After graduating third in her class from Frances Marion High School, she almost attended the University of Alabama—until she visited Spelman College in Atlanta, Georgia, which felt like home: “I thought [Spelman] was teaching these girls how to be women, how to be brave and strong,” she said. “I thought, ‘This is where I need to be.’”
Johnson’s experience at the renowned Historically Black College and University (HBCU) was one of a kind.
“Whatever you wanted to learn about, it was there,” she said. “I participated in the Health Careers Club because that was going to get me to my goal, and my parents said they were paying for four years—not a day over.
“I was really academically focused, … [and] I joined the gospel choir. … There was a lot of camaraderie at Spelman, with us being sisters. We had a sisterhood, we looked out for each other, and [we] did everything with the guys from [nearby] Morehouse [College].”
Once in medical school, Johnson chose family medicine as her specialty.

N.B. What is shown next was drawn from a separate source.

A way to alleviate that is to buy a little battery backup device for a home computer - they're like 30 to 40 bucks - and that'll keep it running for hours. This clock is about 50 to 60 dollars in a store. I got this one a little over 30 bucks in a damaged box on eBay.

“I picked family medicine because I did a rotation in Marion, Alabama, at the [Vaughan Marion Rural Clinic] early in my fourth year of medical school, and the elderly people there were just everything,” she said. “They brought us jelly, fresh fruit, things out of their gardens. I thought I wanted to be a pediatrician my whole life until I did that rotation.”

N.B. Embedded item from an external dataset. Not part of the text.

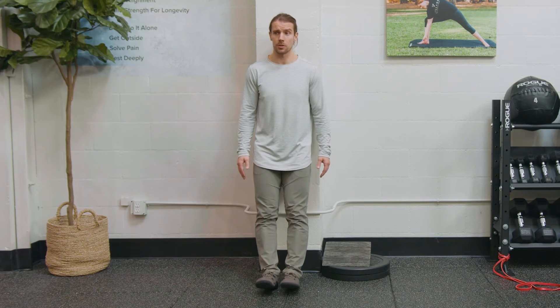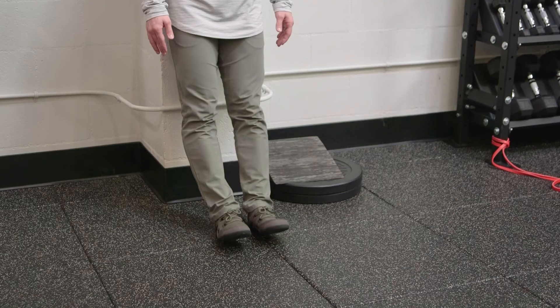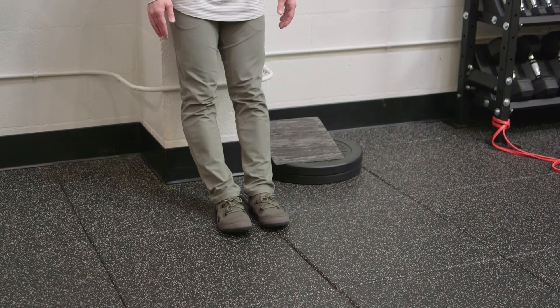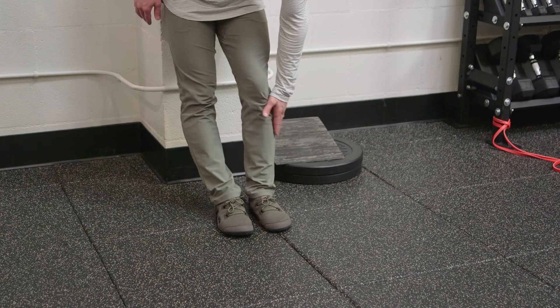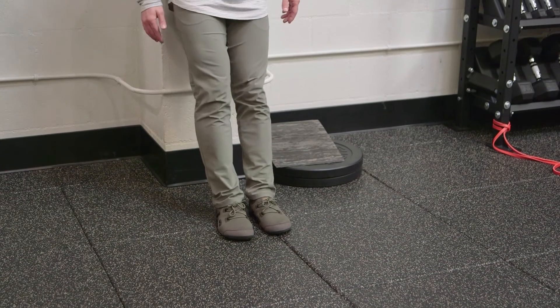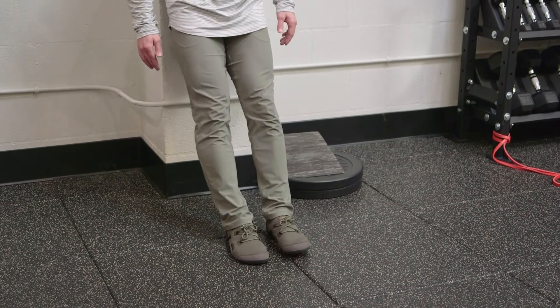You're going to be lifting your toes — both of them — as high as they'll go, and that's going to create an incredible amount of burning and strengthening in these anterior tibialis muscles that are so neglected but so important.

Johnson completed her residency in 2012 in Birmingham at St. Vincent’s East Hospital, where she operated her practice for seven years before moving to Trussville in 2019.
With the COVID-19 pandemic, Johnson said she has had to really pivot. Her practice was closed for two weeks in March, and her staff of three transitioned into telehealth visits, conducted via video and phone.

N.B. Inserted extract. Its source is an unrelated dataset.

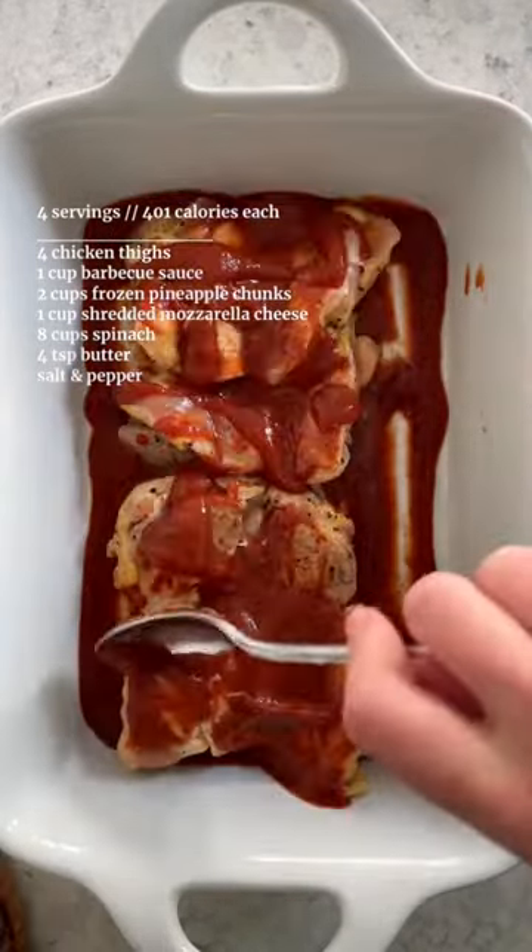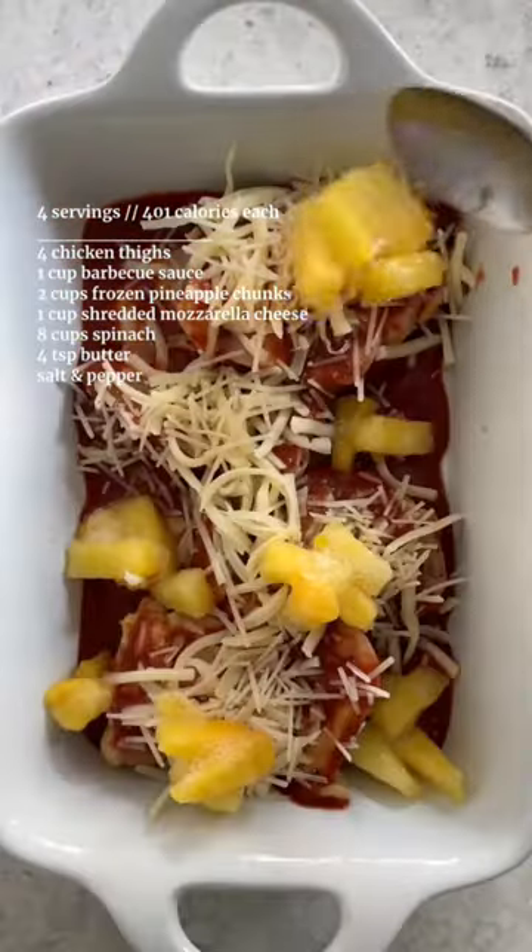Fill a casserole dish with barbecue sauce, add in your chicken, and top with more barbecue sauce, mozzarella, and frozen pineapple chunks.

“We were met with a lot of challenges trying to get patients to be able to be seen in the safety of their homes,” Johnson said. “A lot of practices like my own were affected because we still had people to care for but couldn’t be reimbursed for it because insurance didn’t deem these as appropriate visits, so insurance companies had to get creative.”
Prior to the health crisis, Johnson saw 50 to 60 people in a week, but she now sees about 25 to 30 people a week; her patients have the option to continue video visits or to visit in person.
Despite these challenges, she won’t let anything slow her work with the next generation and aspiring nurses through her nonprofit.
“A part of the mission of Three Twenty is to provide girls interested in medicine and business mentors in their fields, giving girls in our community access to people who can answer their questions, help guide them, and bridge that gap for them.”